The trend coincides with the government’s push to turn Vietnam into a cashless economy and promote mobile and digital payments. According to the State Bank of Vietnam, as of March 31, 2019, the number of financial transactions conducted on mobile phones almost doubled from 2018. The Vietnam mobile payments market is projected to reach US$70.9 billion by 2025, up from US$16 billion in 2016, according to Allied Market Research.


Vietnam’s fintech startup landscape

As of September 30, 2019, there were 136 fintech companies incorporated in Vietnam, making Vietnam the smallest fintech industry, way behind Singapore (1,157), Indonesia (511), and Malaysia (376).

Unsurprisingly, payments is the most advanced segment, counting some 35 companies, according to the Fintech Startup Vietnam Map 2019. Notable ventures and platforms include MoMo, a mobile payments platform by M_Service and one of the most well-funded fintech startups in VietnamMoca, a mobile payments service integrated into super-app Grab, and ZION, the company behind Zalo Pay, a service integrated into Vietnam’s popular messaging platform Zalo.

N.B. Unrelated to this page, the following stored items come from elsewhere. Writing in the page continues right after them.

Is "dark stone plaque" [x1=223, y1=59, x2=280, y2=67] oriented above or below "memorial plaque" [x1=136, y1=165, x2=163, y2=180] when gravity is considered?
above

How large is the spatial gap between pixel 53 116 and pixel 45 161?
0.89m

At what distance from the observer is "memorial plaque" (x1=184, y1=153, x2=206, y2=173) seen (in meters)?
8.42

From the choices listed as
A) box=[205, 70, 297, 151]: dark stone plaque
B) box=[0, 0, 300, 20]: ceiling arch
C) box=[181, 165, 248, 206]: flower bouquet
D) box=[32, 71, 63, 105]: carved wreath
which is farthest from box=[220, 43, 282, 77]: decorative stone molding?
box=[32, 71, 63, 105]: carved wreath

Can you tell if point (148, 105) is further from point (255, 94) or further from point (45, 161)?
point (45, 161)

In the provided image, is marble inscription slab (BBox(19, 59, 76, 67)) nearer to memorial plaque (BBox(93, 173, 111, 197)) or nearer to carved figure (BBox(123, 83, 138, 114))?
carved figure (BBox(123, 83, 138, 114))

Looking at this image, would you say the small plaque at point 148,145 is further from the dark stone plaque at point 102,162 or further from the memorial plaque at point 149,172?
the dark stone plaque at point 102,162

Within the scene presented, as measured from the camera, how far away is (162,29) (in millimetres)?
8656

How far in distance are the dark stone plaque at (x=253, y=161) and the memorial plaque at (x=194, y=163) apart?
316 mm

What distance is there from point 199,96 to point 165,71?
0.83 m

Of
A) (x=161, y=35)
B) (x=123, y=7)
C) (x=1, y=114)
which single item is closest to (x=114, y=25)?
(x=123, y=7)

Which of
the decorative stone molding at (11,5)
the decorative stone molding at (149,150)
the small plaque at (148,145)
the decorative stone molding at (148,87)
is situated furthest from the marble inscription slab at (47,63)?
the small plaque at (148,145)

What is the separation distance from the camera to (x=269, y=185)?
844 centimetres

Peer-to-peer (P2P) lending is another popular segment, counting more than 20 companies, among which Tima, a consumer financial marketplace and P2P lending platform, Growth Wealth, a P2P lending platform for small and medium-sized enterprises (SMEs) in Vietnam, as well as TrustCircle, and Vay Muon.


Fintech developments in 2019

2019 saw several fintech developments taking place in Vietnam with the government showing its commitment to developing a favorable environment and regulatory landscape for the country’s fintech industry to thrive.

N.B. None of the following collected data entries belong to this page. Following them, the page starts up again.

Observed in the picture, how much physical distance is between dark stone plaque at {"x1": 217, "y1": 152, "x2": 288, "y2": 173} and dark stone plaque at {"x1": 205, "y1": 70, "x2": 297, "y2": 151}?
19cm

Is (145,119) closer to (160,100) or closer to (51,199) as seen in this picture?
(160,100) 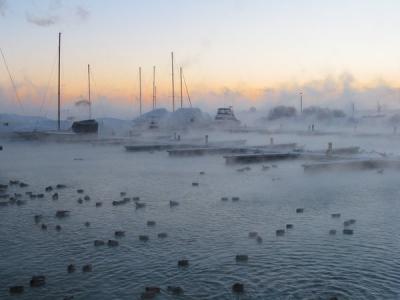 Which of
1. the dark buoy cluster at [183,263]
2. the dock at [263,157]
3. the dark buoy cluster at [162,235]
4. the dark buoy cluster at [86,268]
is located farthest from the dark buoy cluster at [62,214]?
the dock at [263,157]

These include for example the development of the National Financial Inclusion Strategy, which focuses on enhancing accessibility and utility of financial services and improving financial knowledge and skills of consumers, new regulations set to boost non-cash payments development and adoption, promotion of a basic standard for QR code payments, as well as a pilot project for mobile payments through telecommunication accounts.

The State Bank of Vietnam (SBV) has also been working on establishing a fintech regulatory sandbox which would allow financial services companies and startups to test innovative solutions and business models in a controlled environment. Plans also include developing regulatory guidelines, notably in the field of P2P lending, and incentives to encourage the sector’s growth.

Until then, the SBV had taken a cautious approach to fintech regulations, granting only about 30 payments licenses to non-banks so far, but the numerous initiatives triggered in 2019 had demonstrated that the government is ready to take a more pro-active role in the future of the domestic fintech industry for the years to come.

According to Pham Xuan Hoe, deputy director of the Banking Strategy Institute, Vietnam’s fintech market will be worth US$9 billion in 2020, making it ASEAN’s fourth-largest market.